My earliest recollections of the radio were of my dad listening to the Cleveland Orchestra on WCLV. Concertos and symphonies would fill the downstairs at night. He also played records, carefully setting the needle down onto the grooved vinyl surface. I loved waiting through the snaps and crackles until the music started.
By the time I was old enough to start buying my own music, cassette tapes were rocketing to the height of popularity. Combined with the Sony Walkman, there was nothing cooler than popping a tape into your Walkman and going out for a run.
Of course, no need for weight training at that time because lugging that "portable" tape player on a run was the equivalent of having 5-pound weights strapped to your arms.
Today, microscopic ipods and MP3 players, which weigh about the same as a marshmallow, effortlessly shift through songs continuously. With the Walkman and the cassette tape, it was a bit more complicated.
Once one side finished, the operator had to push the eject button, take the tape out, flip it over, put it back in and press play, all while continuing to run in a straight line.
Kids have it so easy today. Like a song? Go to iTunes and download it immediately onto an ipod. Back in the day, acquiring favorite songs -- without paying for them -- involved a little more planning.

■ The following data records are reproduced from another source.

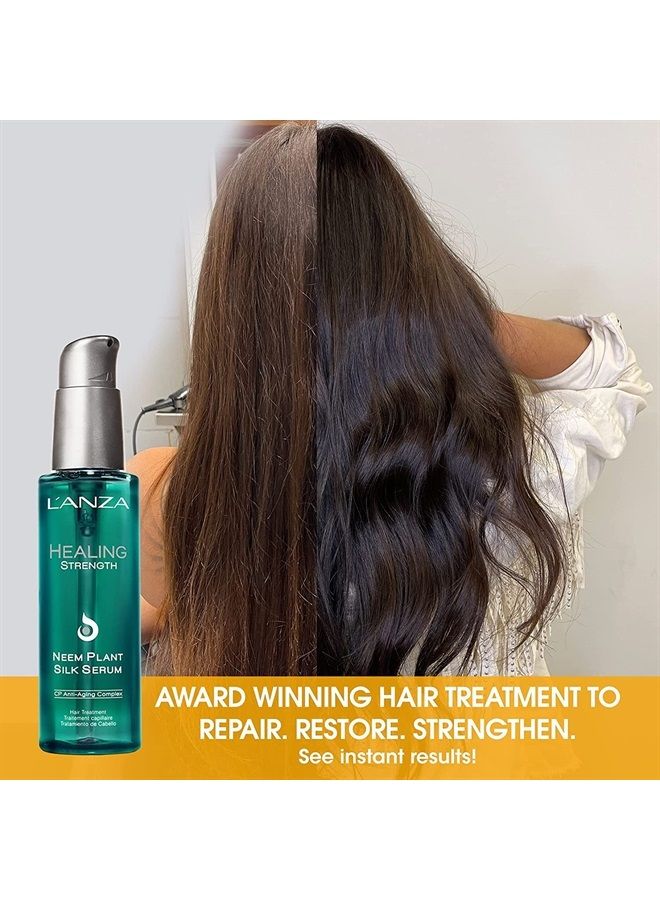 Neem Plant Silk Award-winning Healing Serum, Effortlessly Nourishes, Repairs, and Boosts Hair Shine and Strength for a perfect Silky Look,For All Hair Types (3.4 Fl Oz)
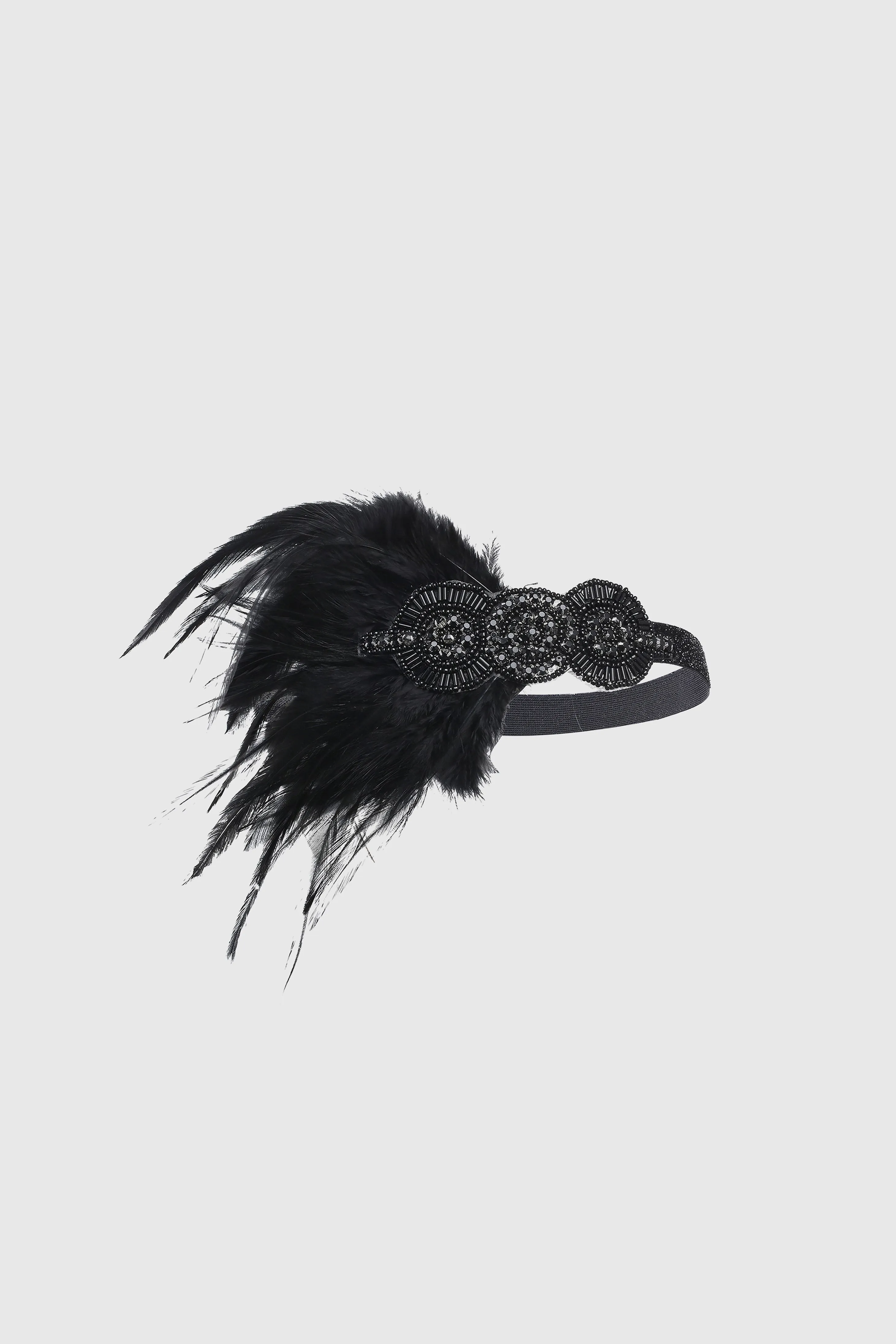 Crystal Studded Feather Headband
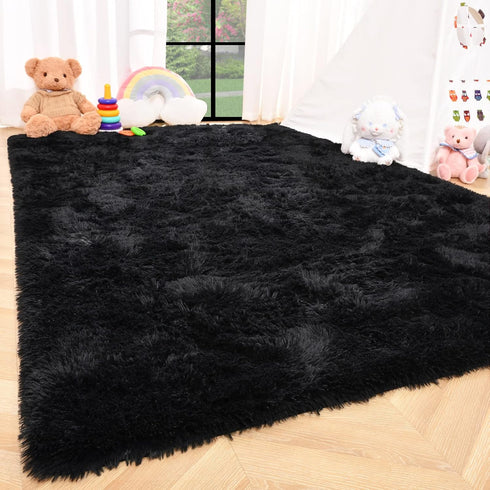 ISEAU Ultra Soft Fluffy Rug for Bedroom, 3 x 5 Feet Shaggy Area Rugs for Living Room Fuzzy Carpet Comfy Nursery Mat Bedside Carpets for Kids Boys ...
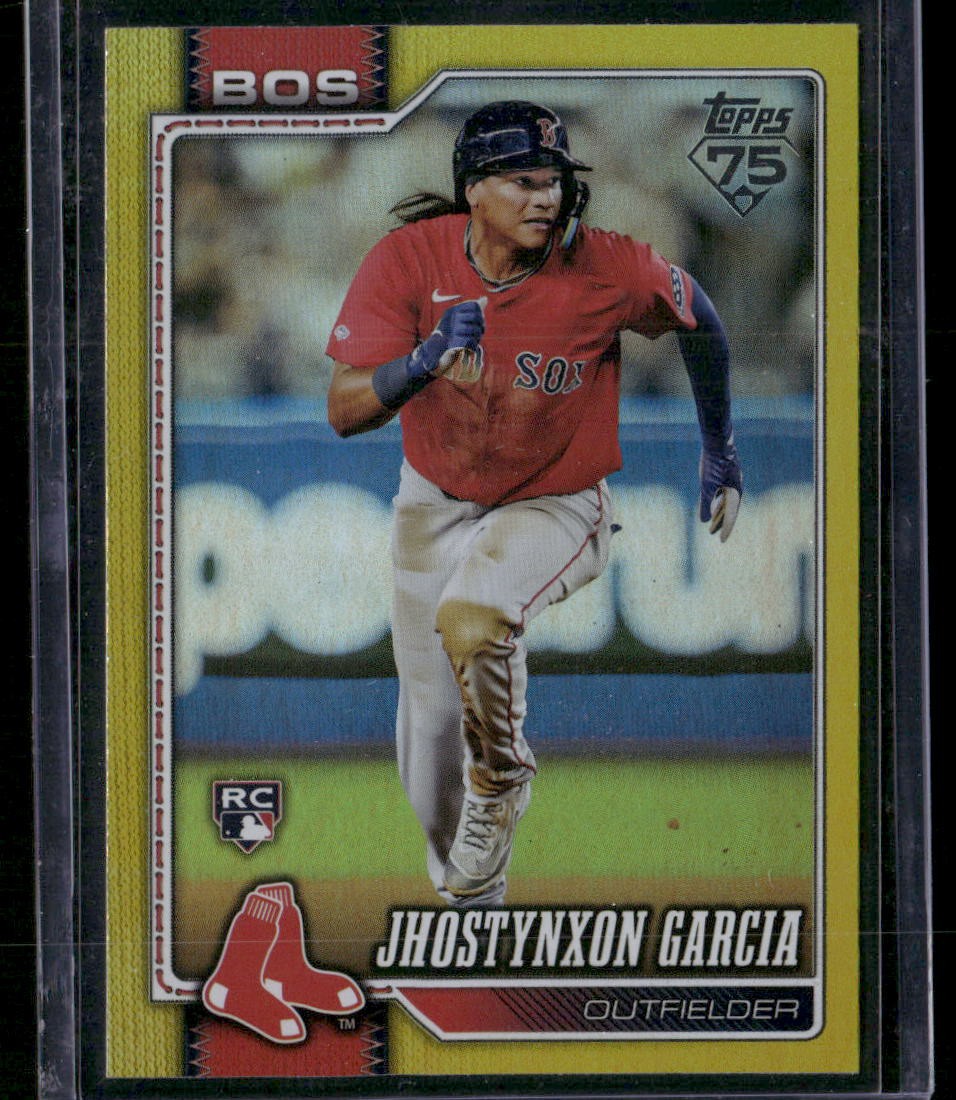 2026 Topps #316 Jhostynxon Garcia Yellow Holo Foil #/399 ROOKIE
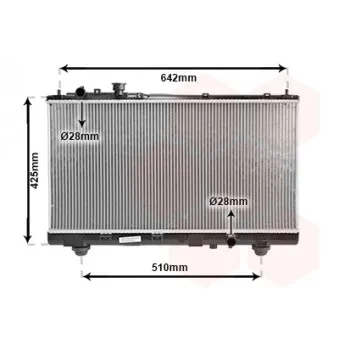 Radiateur, refroidissement du moteur VAN WEZEL 27002173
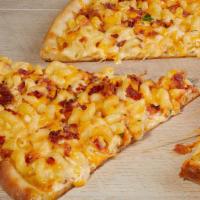 Mac & Cheese Pizza · Elbow Pasta, Mozzarella Cheese & Cheese Sauce (Bacon Additional)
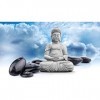 Puzzle statue de Bouddha et pierre 1000 pièces pour adultes, adolescents et enfants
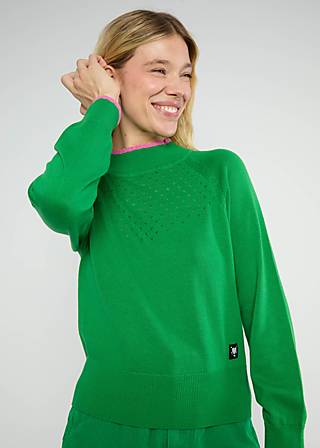 Strickpullover Delicious Minds, little frog green, Strickpullover, Grün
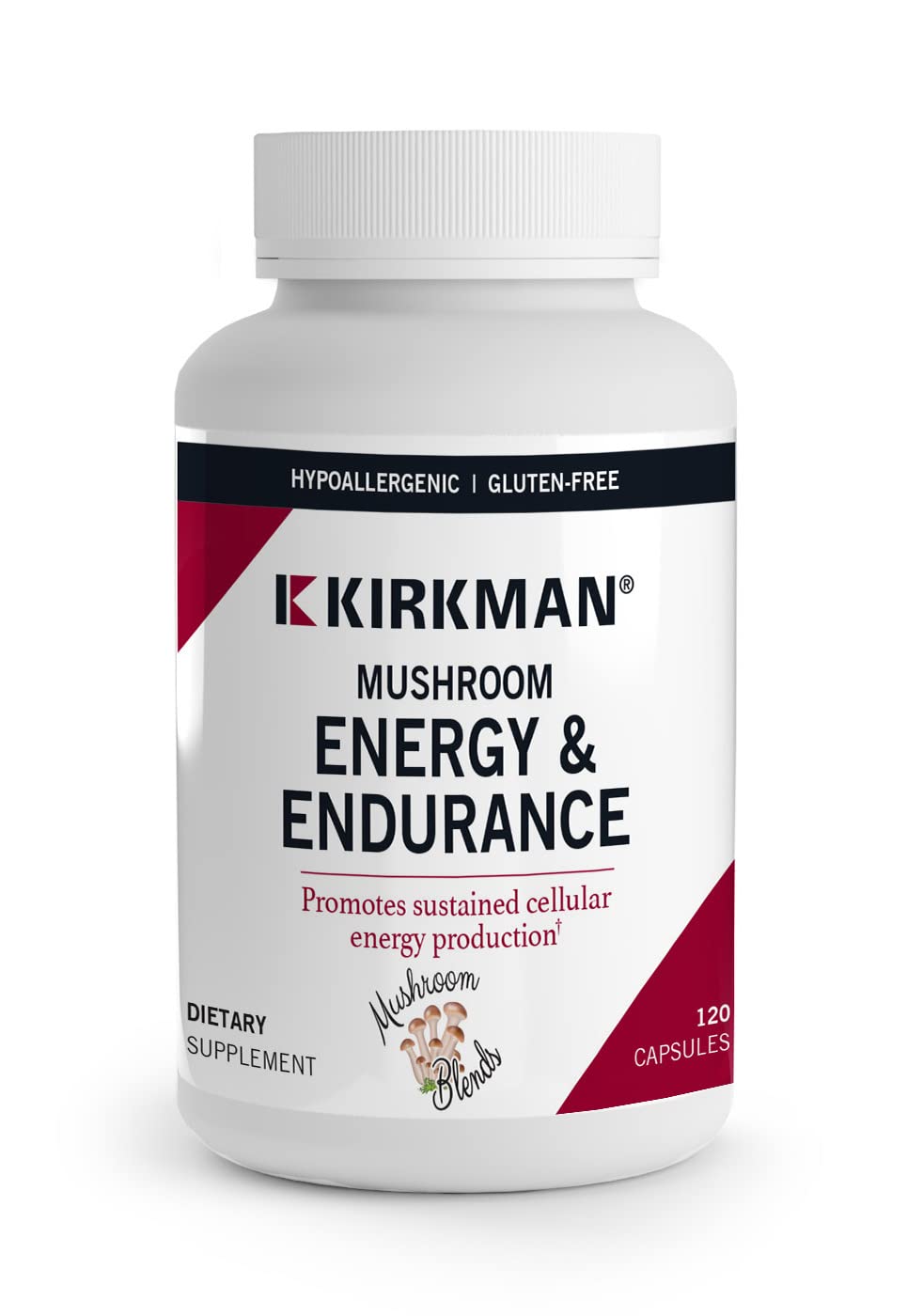 Kirkman Mushroom Energy & Endurance with CoQ10 - 120 Capsules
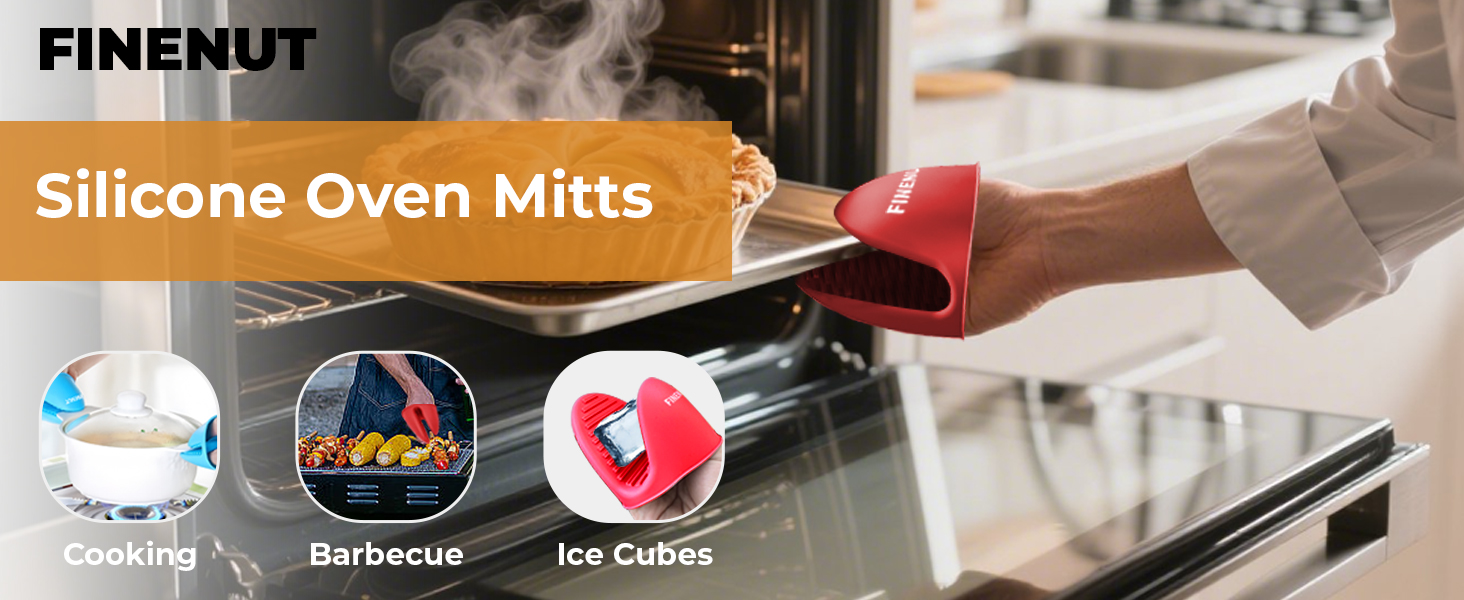 Silicone Oven Mitts Multi-Purpose Heat-Resistant Gloves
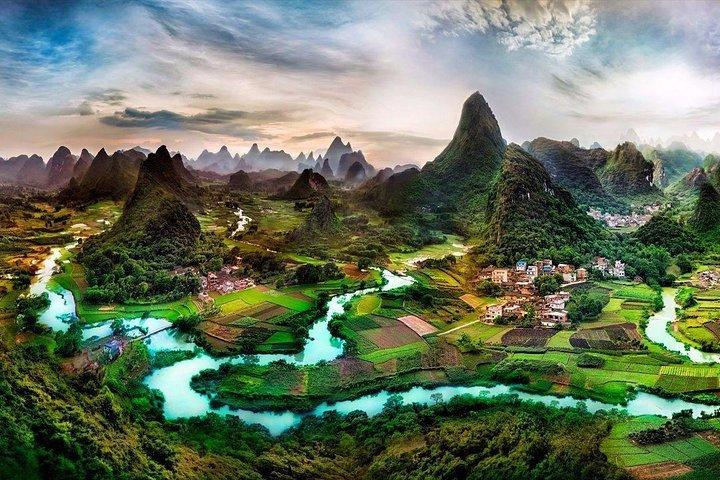 Visite privée de 2 jours à Guilin: croisière sur la rivière Li et excursion dans la campagne de Yangshuo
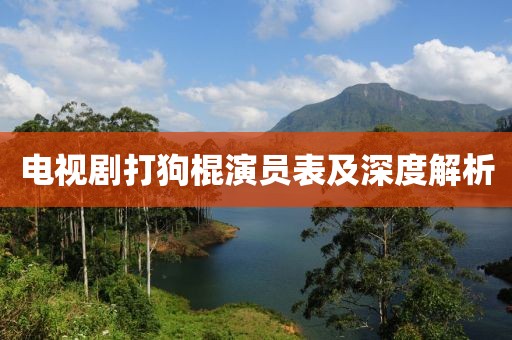 電視劇打狗棍演員表及深度解析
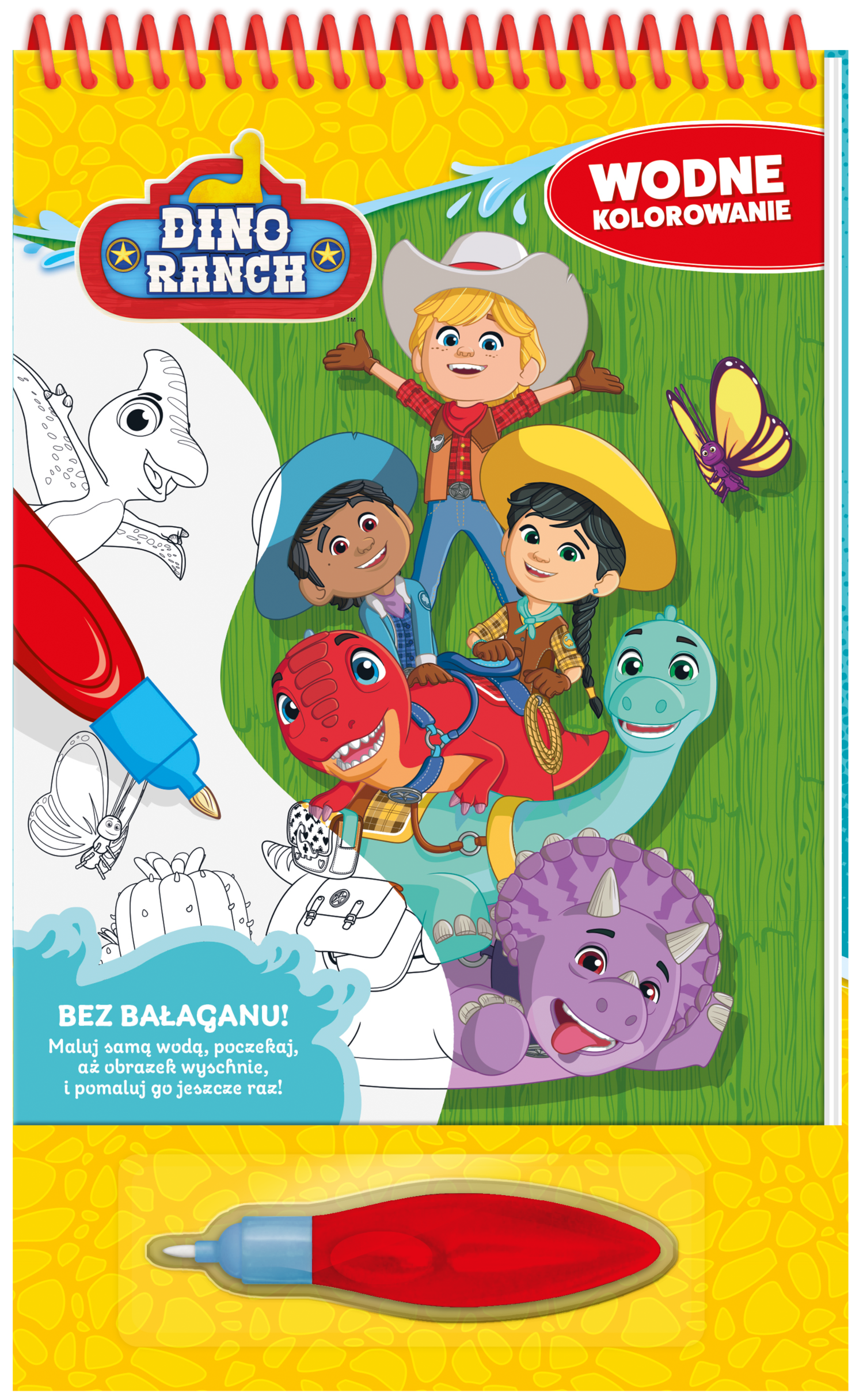 Image of Dino Ranch. Wodne kolorowanie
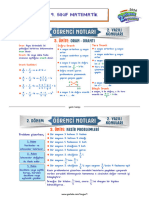 9-Sınıf II-Donem II-Yazili Matematik A4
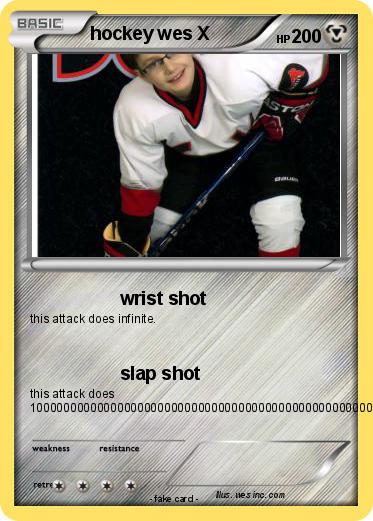 Pokemon hockey wes X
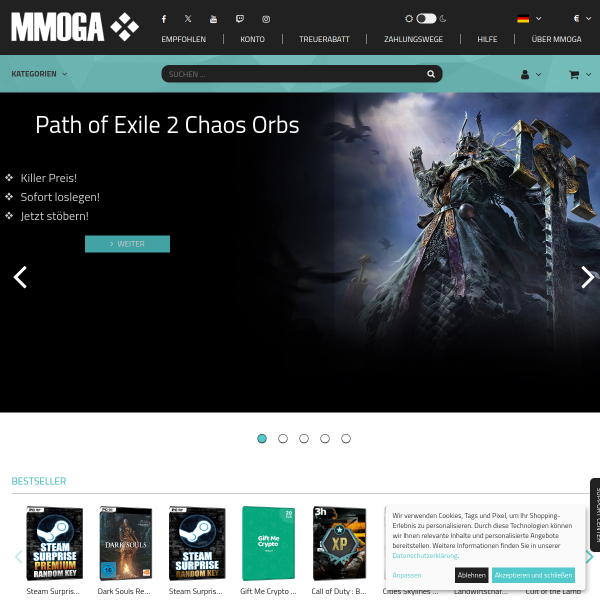 mmoga.de website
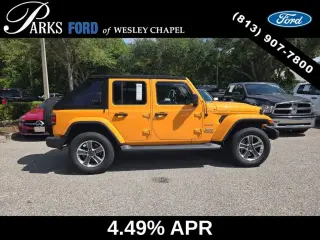 Jeep Wrangler Unlimited 2021 4x4 Sahara 4 puertas SUV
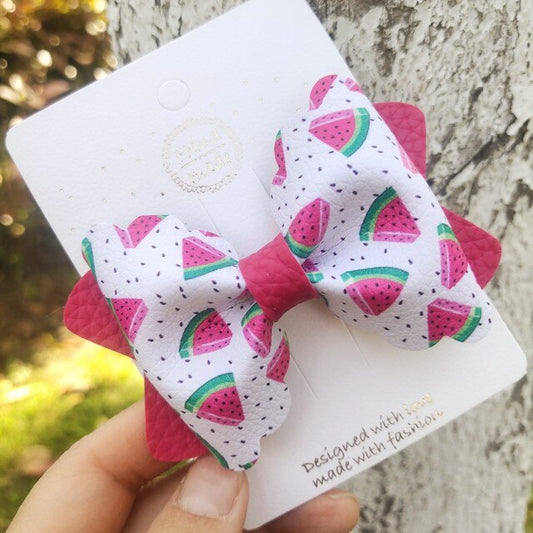 Fruity hair clip  bows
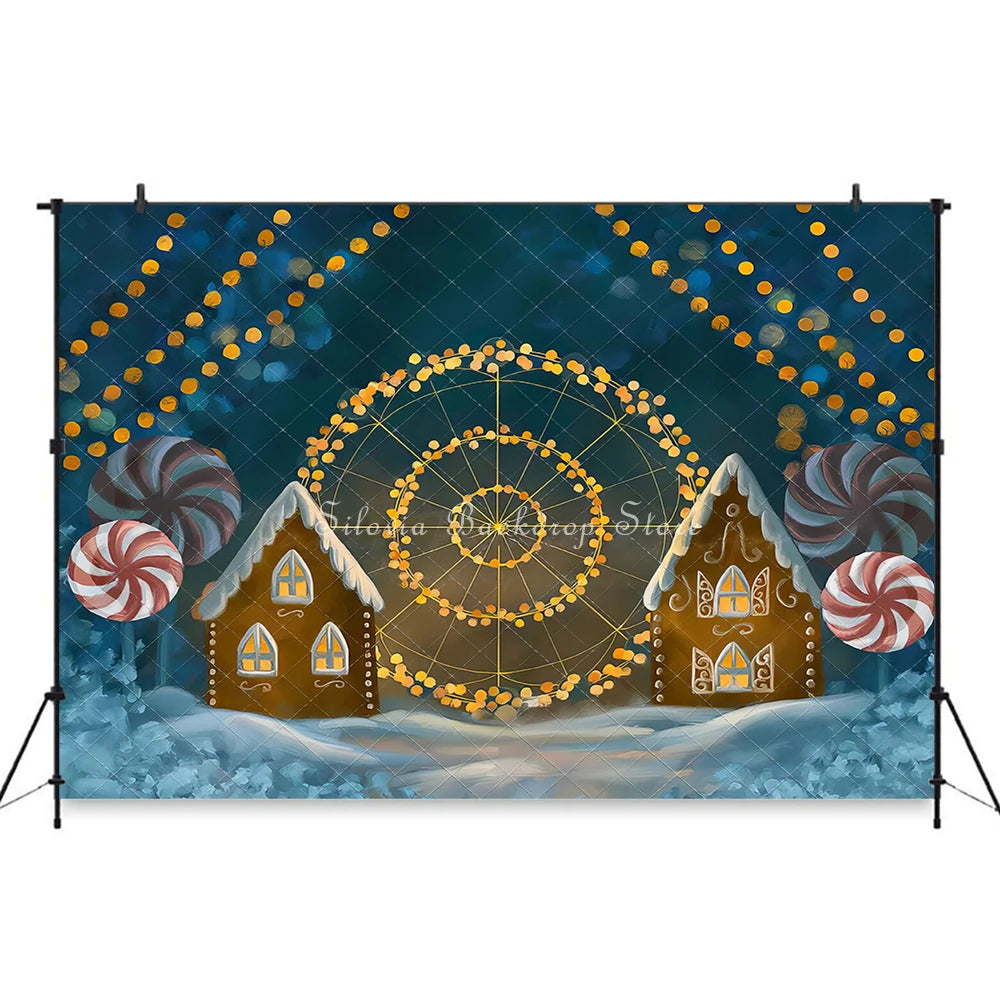 KMK - Candy Twinkle Ferris Wheel Backdrop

First, we had to get blank cassette tapes. Once that tape was cued to the correct position, the waiting game began. We had to listen to the radio until that one favorite song came on. Of course, as soon as you wanted to record a song from the radio, they never played it.
And you couldn't stray too far from the radio because you had to hit play and record at the exact moment the song began.
IF IT WAS a popular song, which was usually why I was recording it, the DJs loved to introduce the song through the first four measures, ruining the entire recording and sending the recorder back to the drawing board.
I was cleaning out an old dresser drawer recently when I came across a stash of cassette tapes. Hidden among Madonna (don't tell my mom, that one was censored at my house), Cyndi Lauper, Bon Jovi and Chicago were some old mix tapes. For you young whipper snappers, that is a compilation of a person's favorite, most meaningful songs.
It was the way to go when looking for the perfect gift. Friends made them for friends, girlfriends for boyfriends, etc. The process of creating the perfect mix took hours. Once the songs were found, they had to be recorded onto a blank tape that was rewound and fast forwarded a million times until the masterpiece was finished.
The mix tapes I found were mostly from my college days. They brought back lots of memories. One reminds me of a trip to Oregon to visit a friend. Another is filled with angsty songs from the Indigo Girls, Odd Girl Out and 10,000 Maniacs that got me through finals and any other trauma during college.
There is a mix tape of Beatles songs that reminds me of my brother and another put together by my college roommate.
The best part of my discovery, though, was a tape created by my little brother. He must have been about 10 at the time and recorded an entire "talk show" set during a fictitious hurricane. I know what he's getting for Christmas.
Cassette tapes died a quick death with the dawn of compact discs and I must admit I haven't thought of them in years. I think it's time to dust off the old tape player and pop in a few mixes for a ride down memory lane.